On 25/11/13 07:50, Jan Beulich wrote:
>>>> On 22.11.13 at 17:23, Andrew Cooper <andrew.cooper3@citrix.com> wrote:
>> On 22/11/13 15:45, Jan Beulich wrote:
>>>>>> On 14.11.13 at 17:01, Andrew Cooper <andrew.cooper3@citrix.com> wrote:
>>>> The new logic is as follows:
>>>>  * A single high priority vector is allocated and uses on all cpus.
>>> Does this really need to be a high priority one?

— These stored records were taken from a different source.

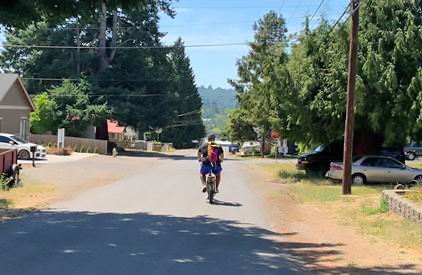 Man biking down a road with no sidewalks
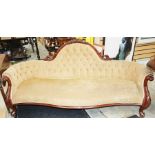 A Victorian mahogany settee, carved frame, deep buttoned back, sprung upholstered seat, raised on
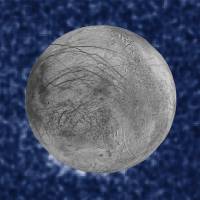 A composite image shows suspected plumes of water vapor erupting at the seven o'clock position off the limb of Jupiter's moon Europa in a NASA Hubble Space Telescope picture taken in 2014 and released Monday. Jupiter moon Europa spewing possible water plumes, Hubble finds
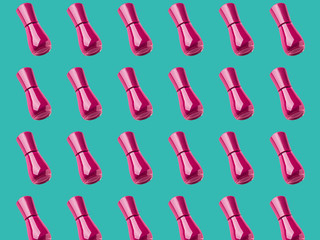 Dark pink nail polish bottle flat pattern on green background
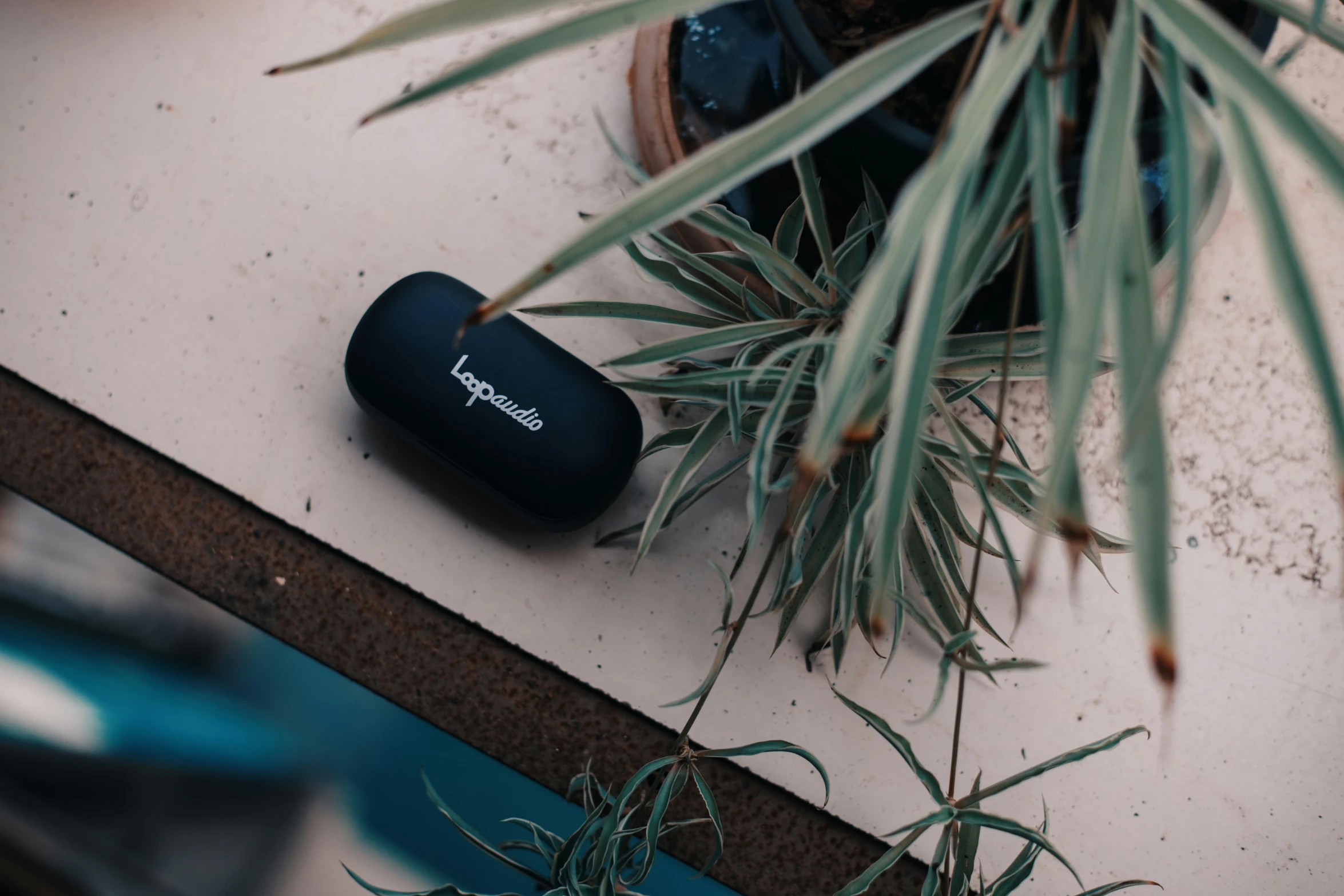 a bluetooth headphone lying on top of some plants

I'd think we'd be
>>> fine with the lowest priority one we can get, as we only need the
>>> wakeup here if nothing else gets a CPU to wake up.
>> Yes - absolutely.  We cannot have an HPET interrupt lower priority than
>> a guest line level interrupt.
>>
>> Another cpu could be registered with our HPET channel to be worken up,
>> and we need to service them in a timely fashon.
> Which I meanwhile think hints at an issue with the (re)design:
> These wakeups, from an abstract pov, shouldn't be high
> priority interrupts - they're meant to wake a CPU only when
> nothing else would wake them in time. And this could be
> accomplished by transferring ownership of the channel during
> wakeup from the waking CPU to the next one to wake.
>
> WHich at once would eliminate the bogus logic selecting a channel
> for a CPU to re-use when no free one is available: It then wouldn't
> really matter which one gets re-used (i.e. could be assigned in e.g.
> a round robin fashion).
>
> The fundamental requirement would be to run the wakeup (in
> particular channel re-assignment) logic not just from the HPET
> interrupt, but inside an exit_idle() construct called from all IRQ
> paths (similar to how Linux does this).
>
> Jan
>

Irrespective of the problem of ownership, the HPET interrupt still needs
to be high priority.  Consider the following scenario:

* A line level interrupt is received on pcpu 0.  It is left outstanding
at the LAPIC.
* A domain is scheduled on pcpu 0, and has has an event injected for the
line level interrupt.
* The event handler takes a long time, and during the process, the
domains vcpu is rescheduled elsewhere
* pcpu0 is now completely idle and goes to sleep.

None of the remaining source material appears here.